I told him the name of the school.
"I used to teach there, too!" he said.
Weird and neat, again. Either this guy was pulling my leg, or there's a little more to this than coincidence.
"What's your name?" I asked. "When did you teach there?"
"My name's M.A. I was there in the early 2000s."
"Well, you must know my wife!" I told him her name.
"Ha! No kidding! I know her—she's a great teacher!"
"And I used to supply teach there, too," I said. We rhymed off a list of old teachers we both knew, the principal, vice-principal.
How's your wife doing?" he asked.
"Good! You know, I think we've met before."
"We probably have!"
After a very pleasant conversation, we said goodbye. I jogged home thinking how a simple decision to say hello underscored how we're connected in the web of life.
When I got home, I mentioned my encounter to my wife.
"Do you know a guy named M.A.?"
"Yeah, we taught together a while ago," she said.

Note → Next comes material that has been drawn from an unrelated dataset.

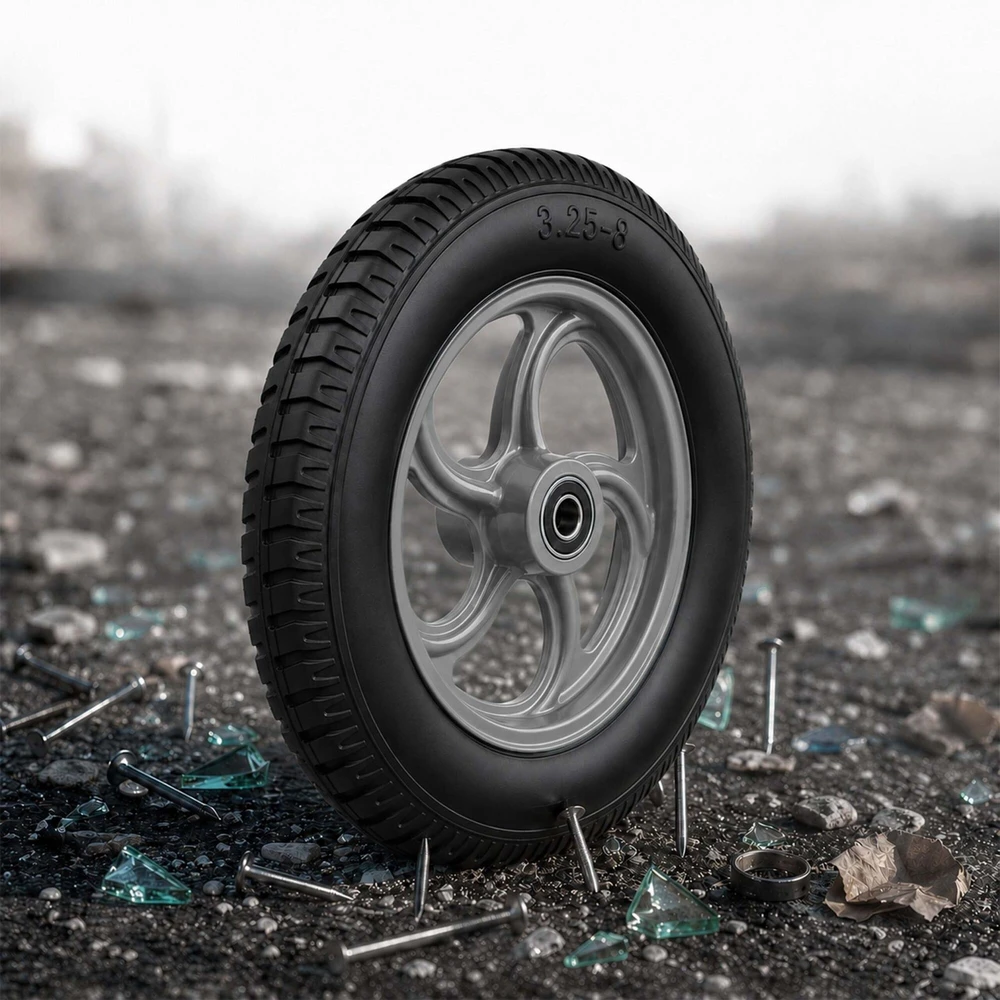 Relaxdays 2 vnt. masyvių guminių 3.25-8 ratų rinkinys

"Funny thing, I ran into him today while I was jogging. He says hi."
My wife laughed and told me what a nice guy he is. "I did a spinning class with him a long time ago."
"Oh, yeah!" I said. "I'm pretty sure I've met him before."
So I encourage you to try this for one day: Say hi to as many people as you can. It's an interesting experiment. You'll find many are happy to return the favour. It's an easy way to brighten your day.
And you might inspire others to embrace the simple power of hello.